As for privacy concerns, Morzynski acknowledges that it's not terribly challenging for Streetlight customers to deduce basic details about a rider based on his or her travel patterns — but in many ways, that's a good thing. Few transit agencies are able to demographically segment their traffic counts, so there's scant information around how the transportation network is serving road users of different races, income groups and education levels. By overlaying census data onto its maps, Streetlight might be able to help cities figure out where they're failing their most vulnerable users so they can do better. And there are built-in safeguards against clients using Streetlight metrics to identify individuals beyond these broad categories.
The question, skeptics say, is whether those safeguards will be enough.
Whether it lands in the hands of a government, a VC-funded tech taxi company, or a private analytics firm, Big Data is poised to arrive in our transportation planning process in a big way. The question is: where will it take us?
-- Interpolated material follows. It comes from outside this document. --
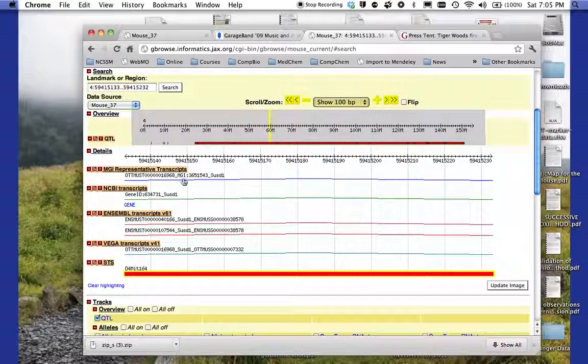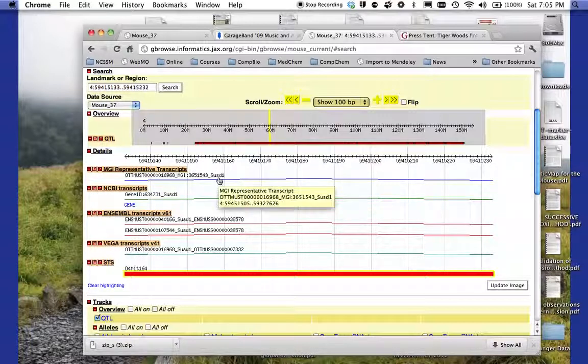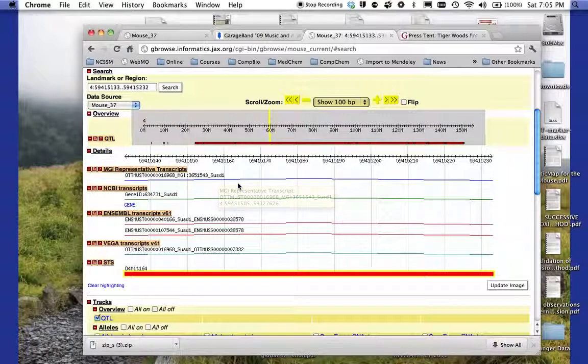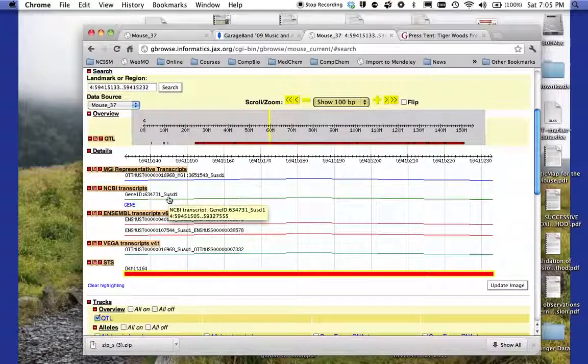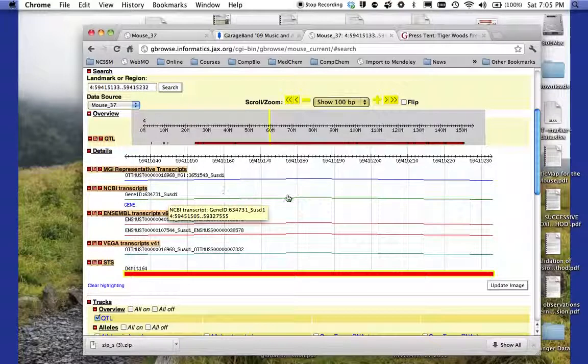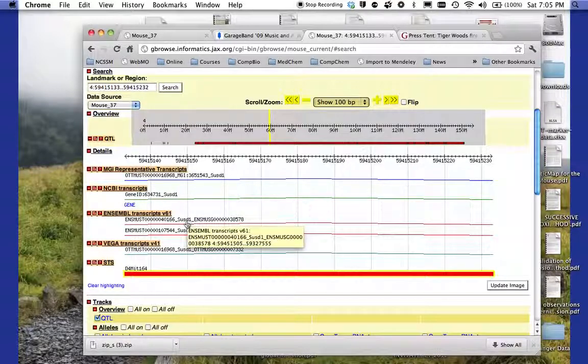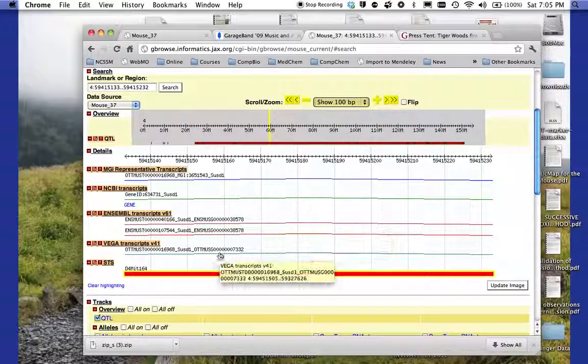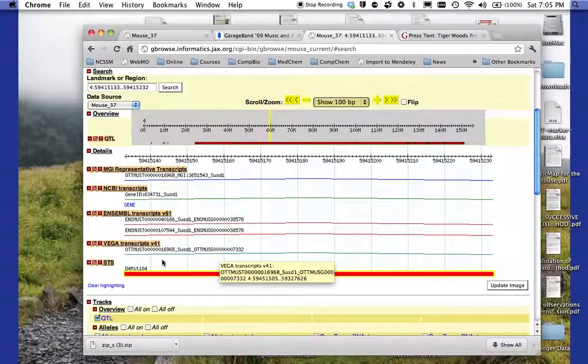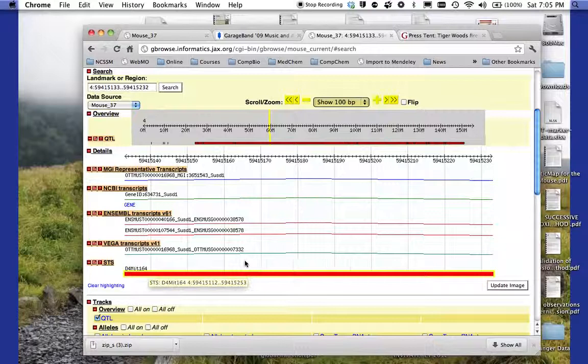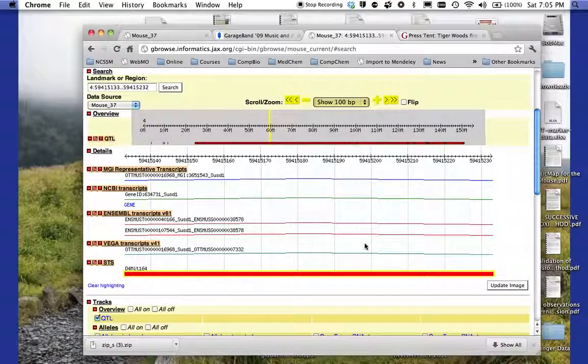Coming down here, I can see some different transcripts. So I see there's a transcript there called SUSD1. And NCBI shows that I have one there as well. Ensemble shows that I have the same gene going on down, so on and so forth.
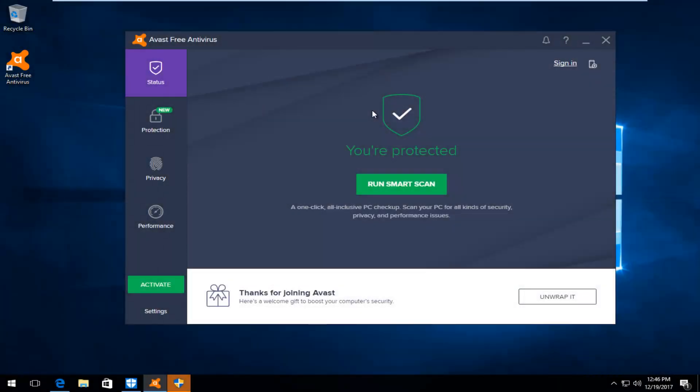Hello everyone, how are you doing? This is MD Tech here with another quick tutorial. Today I'm going to show you guys how to activate your copy of Avast Free Antivirus.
After all, a traffic study is only as good as the person who analyzes it — and even a perfect, real-time picture of our mobility landscape can be misused by someone with a pro-car bias. As Strong Towns' Daniel Herriges pointed out recently, a traffic study that notes a rising number of cars on a given road can easily become a traffic projection that car travel will increase. And that can all too easily turn into a recommendation to widen the road, even if that will only cultivate more induced demand, starting the vicious cycle all over again. Or as Herriges puts it:
By extrapolating mileage trends into the future, we are extrapolating the policies that caused those trends—like massive highway building—into the future as well, and we’re subtly ruling out the option of changing those policies. We’re saying, "New freeways will be necessary to accommodate all the traffic generated by our new freeways." Chicken, meet egg.
It's not a foregone conclusion that thoughtful transportations leader could look at a Big Data-generated map that shows no one's cycling in their city and decide that's a great reason to invest in protected bike lanes. But it's also not a foregone conclusion that someday, this data could be used for purposes that won't make our streets safer — like sending a cyclist a ticket in the mail for failing to use that bike lane, even if it sucks.
Perhaps the real question we should be asking is this: will our transportation culture evolve as quickly as our data capacity, so that we can make good use of all this new tech? The answer, of course, is up to all of us.